Try a tracker to record phone use. I download Moment. Yikes – on days I was out and about at meetings I was on my phone for 2 hours 31 minutes! And I picked up my phone 38 times. This is less than their average (3 hours 57 minutes!) but still far longer than I was expecting.
Stop ‘phubbing’. This means snubbing someone with your phone. To combat it, we decide on some rules as a family: no phone at the meal table. One rule for all. (In other words, if I’m using the phone in the car, then the kids should be able to.) If guests come, then no phones. It’s okay to bring out your phone in conversations if you are using it to show someone something, but you must put it away straight afterwards.
Try a 24-hour ‘phast’. This is Price’s cool word for a short break from your phone. I try this from Friday night to Saturday night. I feel really anxious about it. I leave the house for three hours without it and it feels weird, but liberating. Within minutes I stop thinking about it and feel a lot more relaxed. This must be what it used to be like! I sleep better. I turn it on and, guess what, no crisis, no lastminute invite to Jay-Z and Beyoncé’s bash that I’ve missed. No job offer that needs an immediate response.
Thanks to the above, I’ve identified my main source of stress is trying to load and respond to e-mails on the go and the constant checking of social media. I’m now restricting myself to three times a day on social media and only looking at e-mails when at my desk (and only then at allocated times).
I also subscribe to the WWW rule: what am I picking my phone up for? Why now? What else could I be doing?

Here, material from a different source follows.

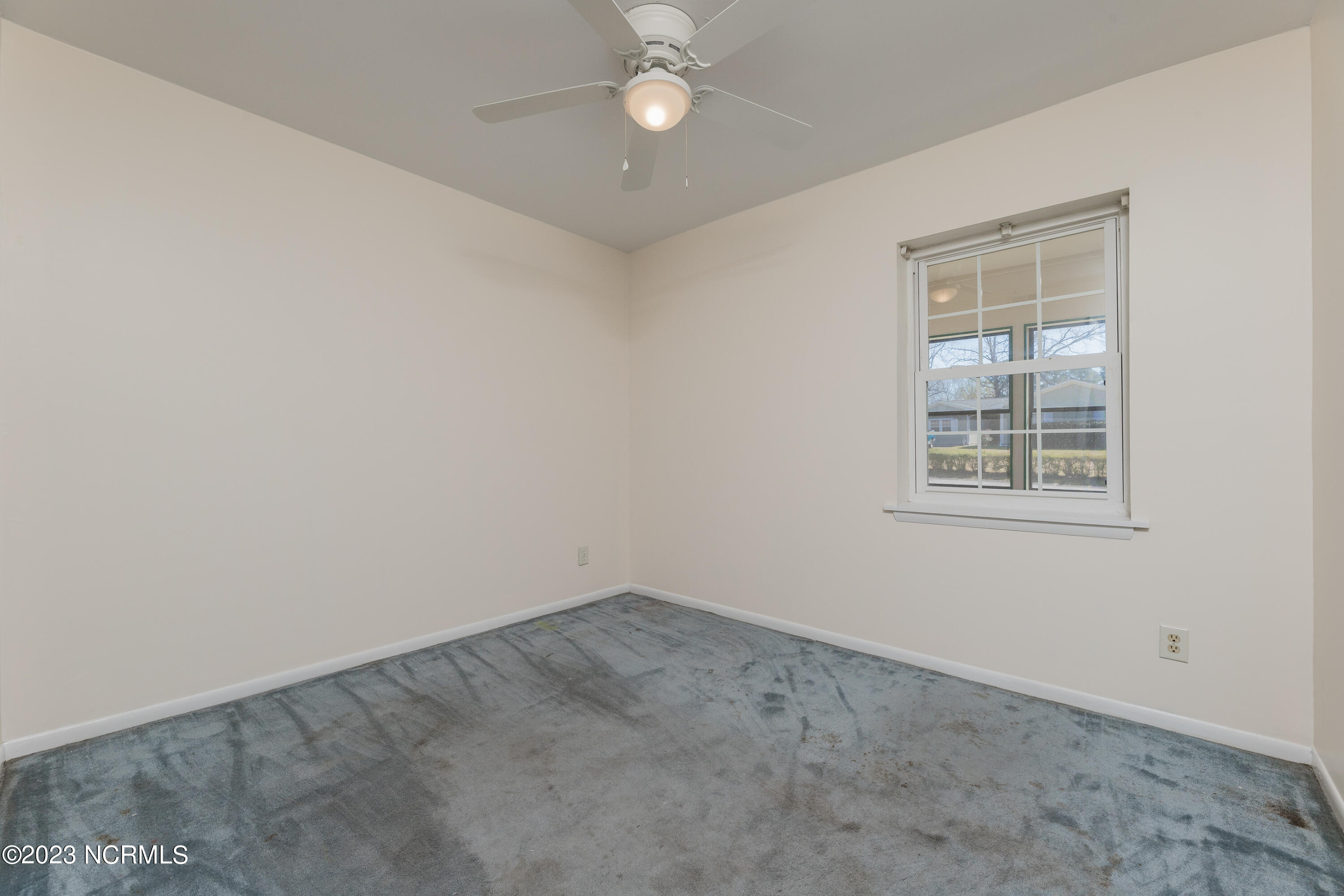 130 Balsam Road Jacksonville, NC 28546 - Photo 34 of 48 43BED3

Oh, and I’m taking a detox break once a week for 24 hours. The 6:1 if you like. And the kids? Well, I made them go on holiday for four days without any phones/screens. In the absence of them, they hung out with each other. They chatted and rebonded. But on the way back, on the loooooonnnng fivehour flight, when every other kid was plugged-in and in a mollified, catatonic state, it began to lose its appeal. I couldn’t read my magazines. Instead:
‘Let’s play truth or dare to fill the time, Mummy.’ ‘Um, okay.’ ‘I want to go first.’ ‘Right.’ ‘Have you only had sex with Daddy?’ Heeeeellllpppp.